Arronax' Arbeiten HW Weidlingau

  • Liebe Forumsgemeinde,


    hiermit möchte ich Euch das Projekt vorstellen das mich derzeit beschäftigt.
    Nachdem ich irgendwann im letzten Jahr auf ebay eine VT 11.5 Garnitur erstanden habe, reifte langsam die Idee, das Ding zu digitalisieren und mit Sound auszustatten.
    Ich bin mir durchaus bewusst, dass es zu diesem Thema in den diversen Foren schon einige Beiträge gibt, die mir z.T. auch als Vorbild bzw. Ideenspender dienten.

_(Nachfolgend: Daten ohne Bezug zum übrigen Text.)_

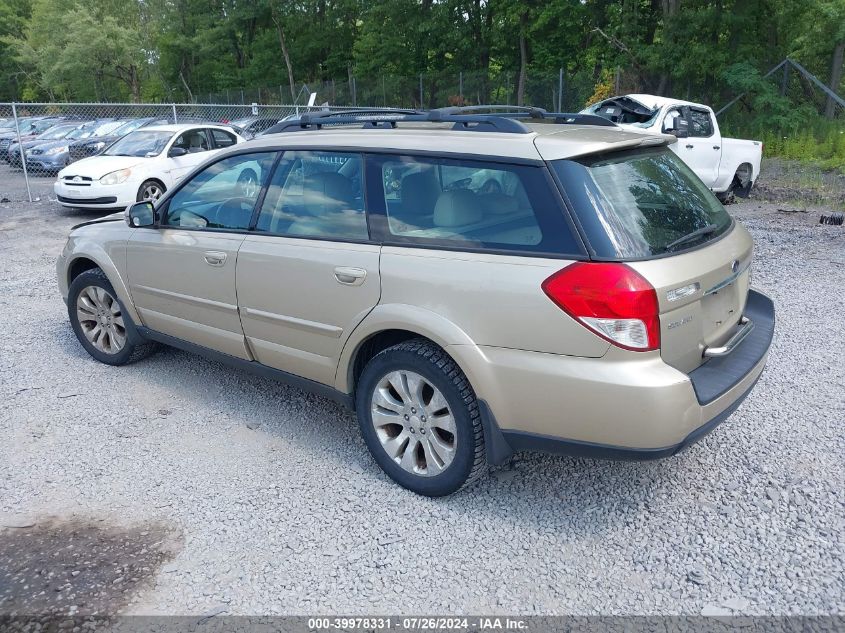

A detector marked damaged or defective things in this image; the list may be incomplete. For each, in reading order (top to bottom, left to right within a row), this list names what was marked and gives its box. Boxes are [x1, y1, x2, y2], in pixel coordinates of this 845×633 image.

    Als Erstes musste der originale Roco- Rundmotor, der schon bei halber Last am Rollenprüfstand über 1A zog, gegen den Roco-Tauschmotor getauscht werden.



    Dazu war es notwendig, durch Ausfräsen Platz für die Schwungmasse zu schaffen. Die Kardanwellen passen dann auch nicht mehr, zum Glück gibts bei Roco die passenden Teile.
    Bei der Gelegenheit habe ich auch die verharzten Getriebe zerlegt, mit Benzin gewaschen, wieder zusammengebaut und gefettet. Jetzt zieht er nur mehr 200 mA.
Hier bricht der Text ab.